UNITED STATES
SECURITIES AND EXCHANGE COMMISSION
Washington, D.C. 20549
FORM 6-K
REPORT OF FOREIGN PRIVATE ISSUER PURSUANT TO
RULE 13a-16 OR 15d-16
UNDER THE SECURITIES EXCHANGE ACT OF 1934
For the month of April 2026
Commission File Number: 001-41324
AKANDA CORP.
(Name of registrant)
c/o Gowling WLG (Canada) LLP
100 King St. W, Suite 1600
Toronto, ON M5X 1G5, Canada
(Address of principal executive office)
Indicate by check mark whether the registrant files or will file annual
reports under cover of Form 20-F or Form 40-F.
☒
Form 20-F ☐
Form 40-F
INFORMATION CONTAINED IN THIS FORM 6-K REPORT
Attached hereto as Exhibit 99.1 and incorporated by
reference herein are Akanda Corp.’s press release, dated April 9, 2026. The Company shall furnish the Articles of Amendment in a
subsequent Report on Form 6-K as soon as they become available.
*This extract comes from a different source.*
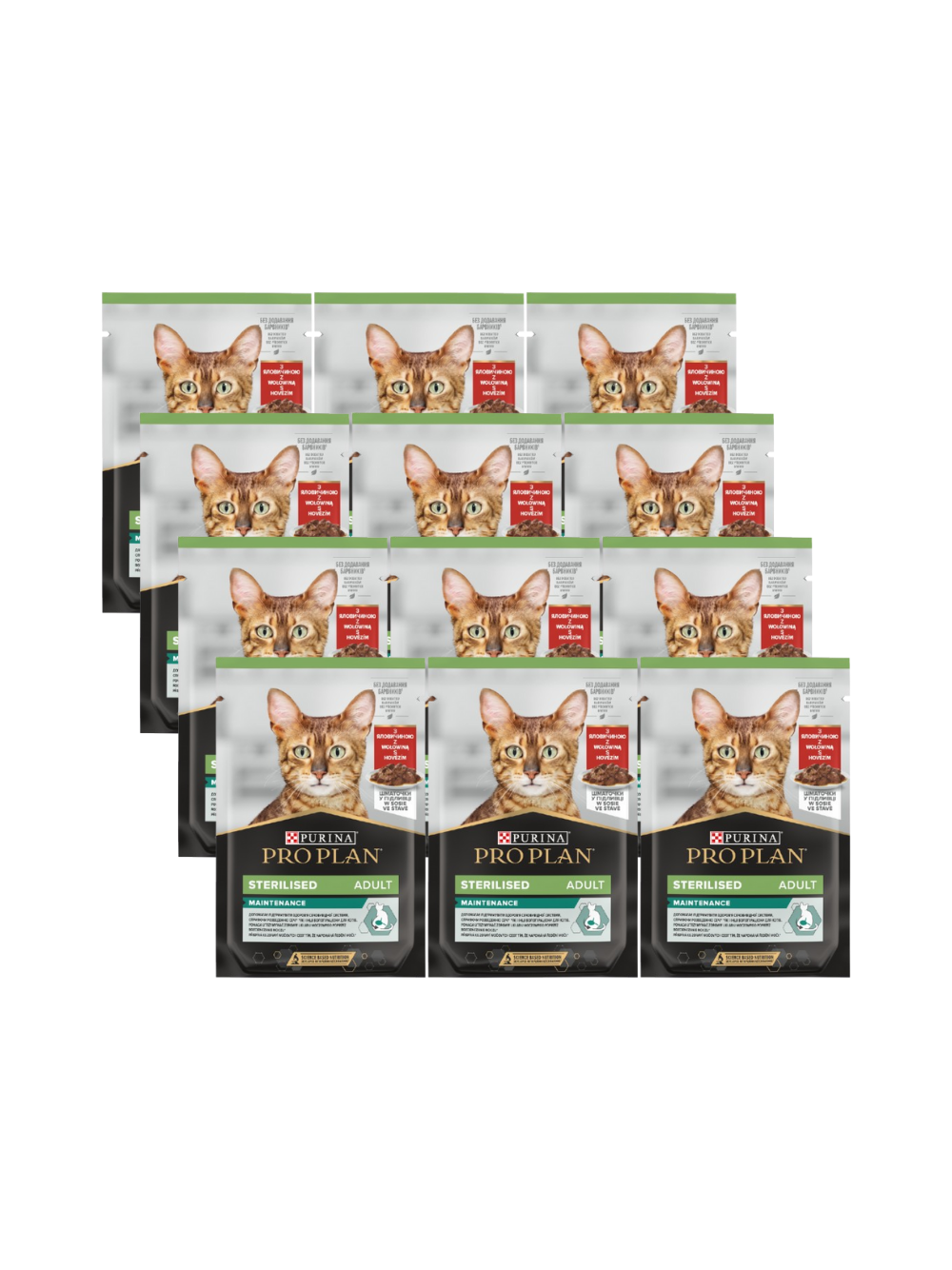 Purina Pro Plan Sterilised z wołowiną dla kota 12x85g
The press release furnished in this report as Exhibit
99.1 shall not be deemed to be “filed” for the purposes of Section 18 of the Securities Exchange Act of 1934 or otherwise
subject to the liabilities of that section.
Exhibit
Number |
|
Description |
| 99.1 |
|
Press Release, dated April 9, 2026, Announcing Share Consolidation |
SIGNATURES
Pursuant to the requirements
of the Securities Exchange Act of 1934, the registrant has duly caused this report to be signed on its behalf by the undersigned, thereunto
duly authorized.
| |
AKANDA CORP. |
| |
(Registrant) |
| |
|
|
| Date: April 9, 2026 |
By: |
/s/ Katie Field |
| |
|
Name: |
Katie Field |
| |
|
Title: |
Interim Chief Executive Officer and Director |
2
Exhibit 99.1
Akanda Corp. Announces Reverse Stock Split
TORONTO, ON April 9, 2026 — Akanda Corp.
(NASDAQ: AKAN) (the “Company” or “Akanda”), today announced that it expects to implement a 1-for-4.5 reverse stock
split of the Company’s common shares effective April 13, 2026. The reverse stock split was previously approved by the Company’s
shareholders on November 28, 2025 and Board of Directors on March 23, 2026 and will begin trading on an adjusted basis giving effect to
the reverse stock split at the opening of market on April 13, 2026 under the existing ticker symbol “AKAN”. The new CUSIP
number of the Company’s common shares will be 00971M700 and the new ISIN code will be CA00971M7008.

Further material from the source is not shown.